Sri Lanka is mindful that the EU court decision may have an impact, including from a security perspective, on the large majority of Sri Lankans living in EU territory as well as EU citizens of Sri Lankan-origin who are likely to come under pressure once again by pro-LTTE activists, an External Affairs Ministry statement said.
The Court of Justice of the European Union today ordered the Council of European Union to annul the sanctions imposed on the Sri Lankan group but said their assets should remain frozen "temporarily".
The court annulled specific restrictive measures directed against certain persons and entities by the EU with its view of combating terrorism. The EU had declared the Liberation Tigers of Tamil Eelam (LTTE) a terrorist outfit in 2006, following the earlier proscriptions of the USA and Canada.

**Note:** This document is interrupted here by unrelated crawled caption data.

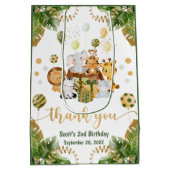 Waterverf Oerwoud Safari Birthday Medium Cadeauzakje (Achterkant)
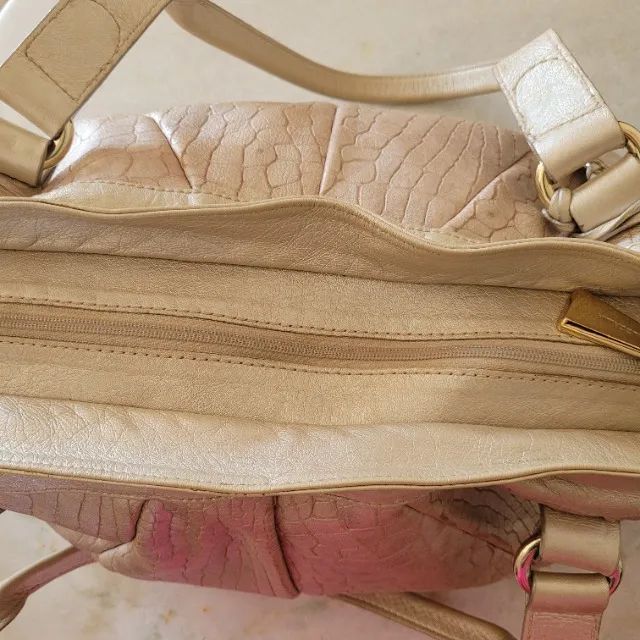 Bolsa Luz da Lua Grande Couro Legítimo (Original) - Foto 3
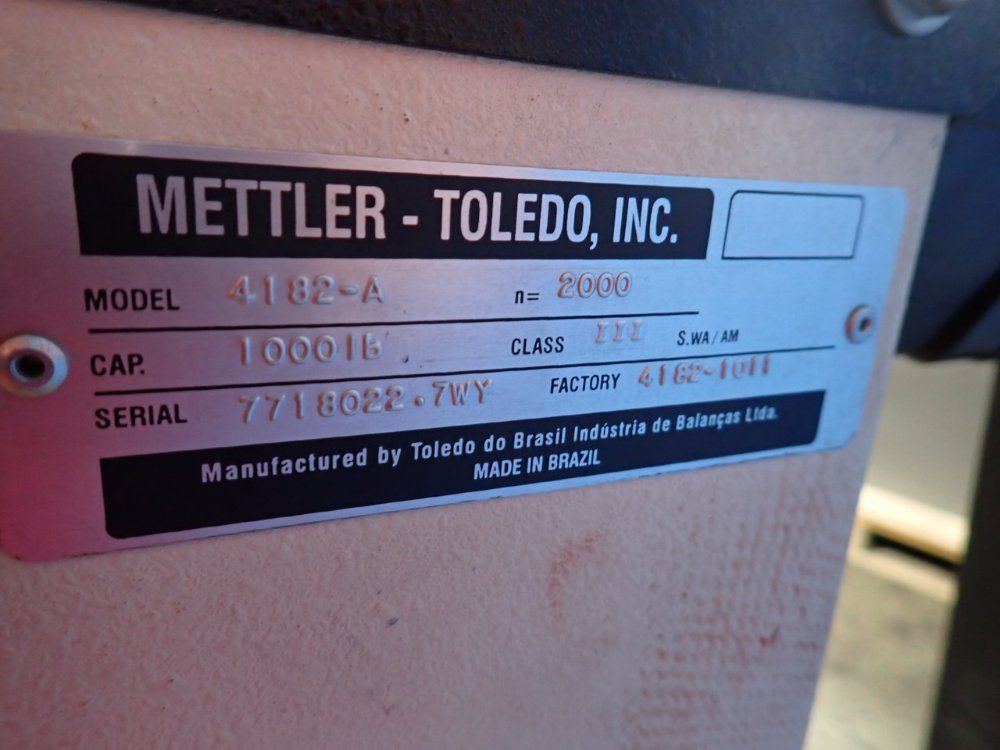 Mettler Toledo 1000 Lbs Scale - 4182-a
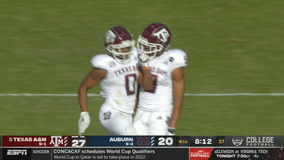 Mond, No. 5 Texas A&M finish strong in 31-20 win over Auburn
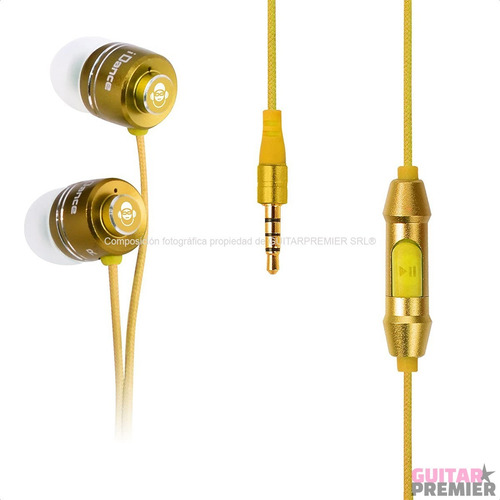 Auriculares Profesionales In Ear Idance Eb X204 Mic + Funda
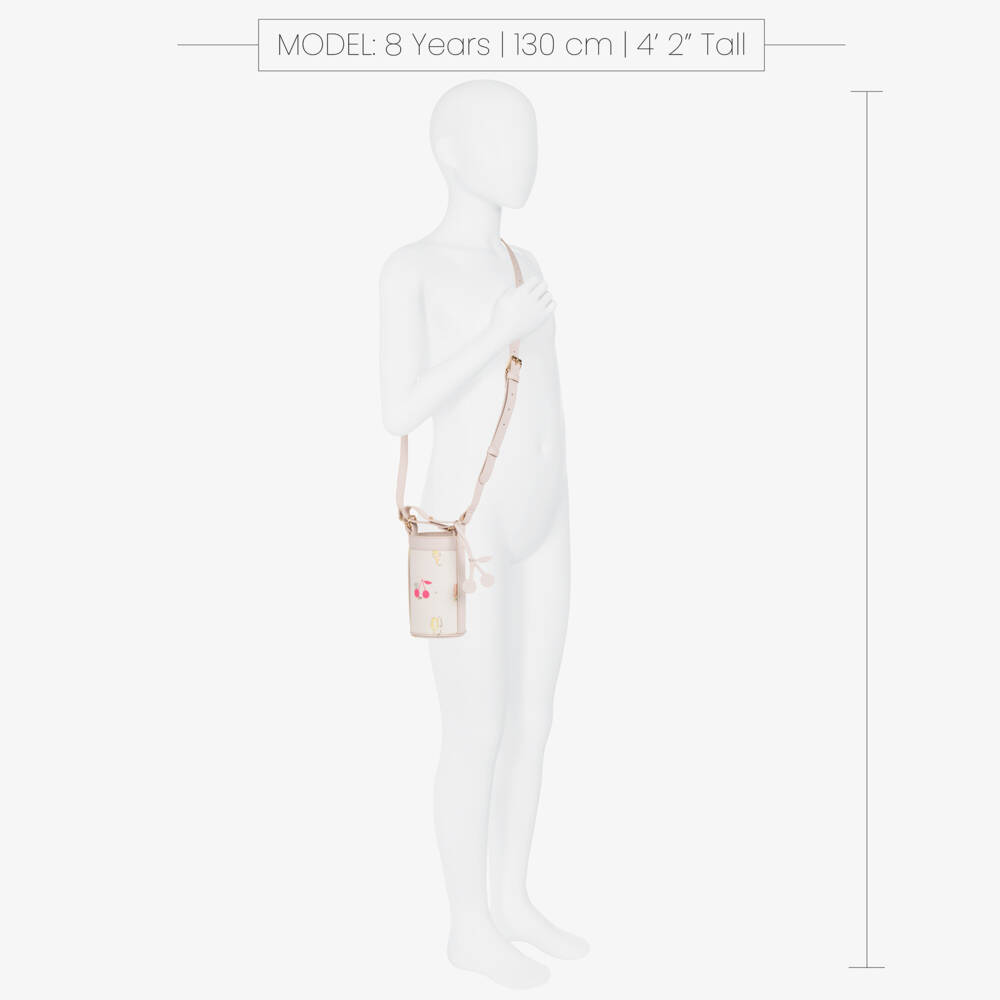 Bonpoint-Girls Cream Canvas Bottle Holder | Childrensalon Outlet
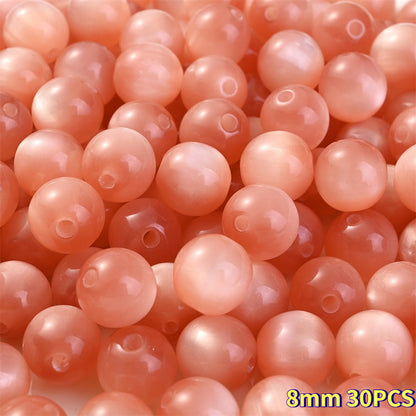 Cat Eye Resin Round Beads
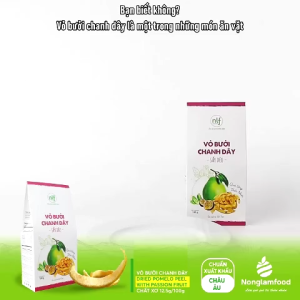 Combo 5 Vỏ Bưởi Chanh Dây Sấy Dẻo NONGLAMFOOD Hàng Chuẩn Xuất Khẩu Dẻo Mềm Chua Ngọt Tự Nhiên Trái Cây Sấy Đồ Ăn Vặt Hộp 100g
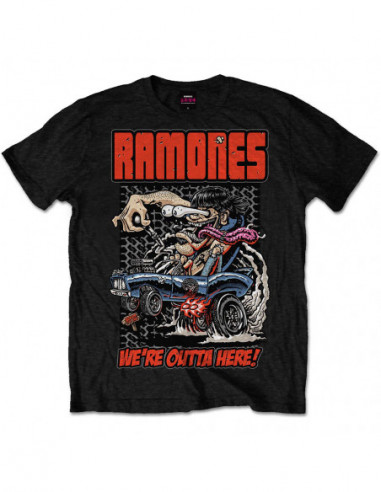 Ramones: Outta Here Black (T-Shirt...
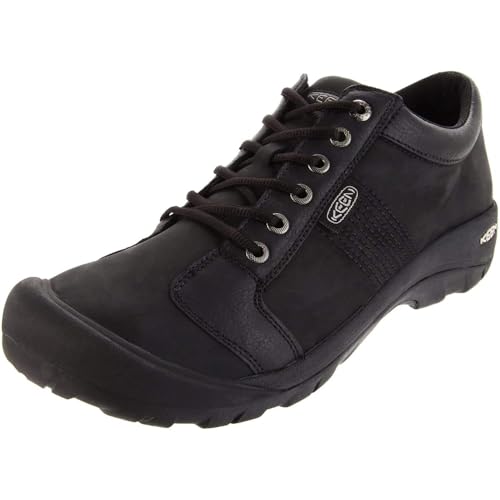 KEEN Men's Austin Low Height Leather Oxfords Black - Image 1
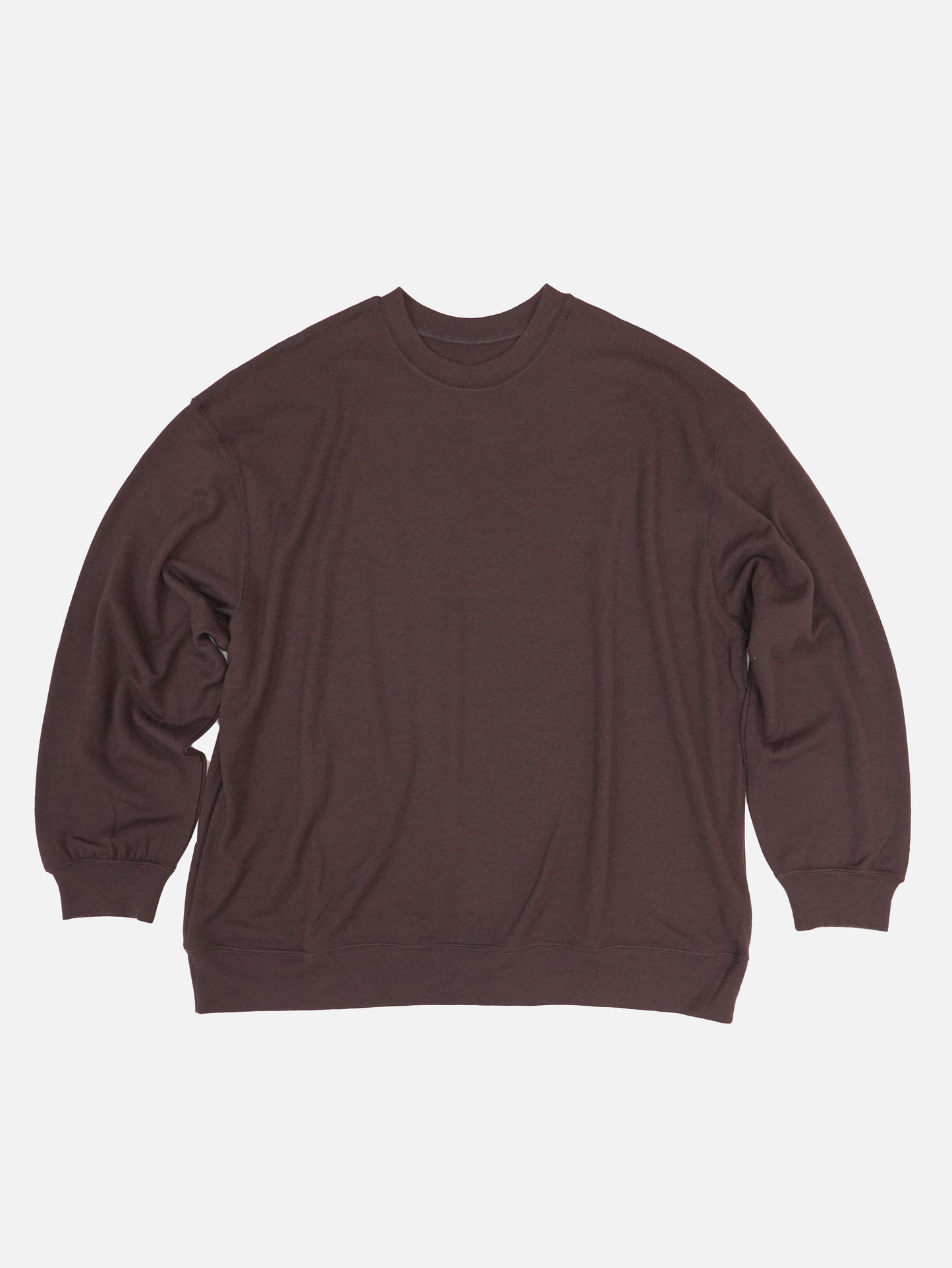 Wool Oversized Sweat - CHOCOLATE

EU had declared LTTE a terrorist outfit in 2006
The ban criminalised any activity that could be connected to the LTTE. The defendants in the case were the Council and Commission of the European Union, together with the two member states, the Netherlands and the UK.
Sri Lanka said it is noteworthy that the Court has stressed the annulments to be "on fundamentally procedural grounds" and "do not imply any substantive assessment of the question of the classification of the LTTE as a terrorist group."
"Conscious of the fact that the listing of the LTTE is a matter internal to the EU, Sri Lanka is confident that the European Commission and the EU Member States will take the best possible decision on the future course of action to be taken in this regard, in accordance with their own legal architecture in preserving sovereignty," the statement said.
Apart from the EU, the LTTE is proscribed as a terrorist organisation in the USA, India, Canada, the UK and Sri Lanka. The LTTE was engaged in an "armed conflict" with the Sri Lankan government forces for nearly-three decades, but were defeated in 2009 following the death of its chief Velupillai Prabhakaran.